Crypto.com Accuses SEC of Overreach
Crypto.com has taken a bold step by filing a lawsuit against the SEC, following the receipt of a Wells Notice. The company asserts that this legal action is essential for the protection of the cryptocurrency industry’s future within the United States. In its official statement, Crypto.com emphasized the necessity of defending against what it describes as a federal agency acting beyond its authorized powers.
The primary argument presented by Crypto.com is that the SEC is overstepping its jurisdiction. The exchange claims that the SEC has unilaterally expanded its authority to classify nearly all cryptocurrency transactions as securities, with the notable exceptions of Bitcoin (BTC) and Ethereum (ETH).

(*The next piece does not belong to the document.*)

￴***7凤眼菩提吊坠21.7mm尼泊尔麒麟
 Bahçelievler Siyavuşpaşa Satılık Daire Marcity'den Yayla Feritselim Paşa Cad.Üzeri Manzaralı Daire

Crypto.com contends that this distinction lacks a solid legal foundation and ignores essential regulatory procedures, such as the notice-and-comment rule mandated by the Administrative Procedure Act.
The exchange further argues that the SEC’s enforcement actions are “arbitrary and capricious.” This is particularly concerning given that many cryptocurrencies share similar characteristics and transactional methods with BTC and ETH. Crypto.com seeks to halt what it perceives as the SEC’s unlawful activities, which it believes exceed the agency’s statutory authority and violate federal law.
Push for CFTC Oversight of Crypto Derivatives
In addition to its legal challenge against the SEC, Crypto.com is actively pursuing a change in the regulatory framework for cryptocurrency derivatives. Crypto.com | Derivatives North America (CDNA) has filed a petition with both the SEC and the Commodity Futures Trading Commission (CFTC). This petition seeks to clarify the regulatory oversight of certain cryptocurrency derivative products, advocating for these products to be designated solely under the jurisdiction of the CFTC.
The petition requests a joint interpretation from the agencies involved, and they have been given a 120-day window to respond. They can either issue a jointly approved interpretation or provide written reasons for any denial of the petition. This move by Crypto.com reflects a broader industry push for clearer and more consistent regulatory guidelines, which many believe are essential for the healthy development of the cryptocurrency market.
Cronos (CRO) Price Movement
Amid these regulatory challenges, Crypto.com’s ecosystem token, Cronos (CRO), has experienced a downturn. At the time of this writing, CRO is trading at $0.075, reflecting a 5% decrease within the last hour. This price movement highlights the volatility often associated with cryptocurrency markets, particularly in times of regulatory uncertainty.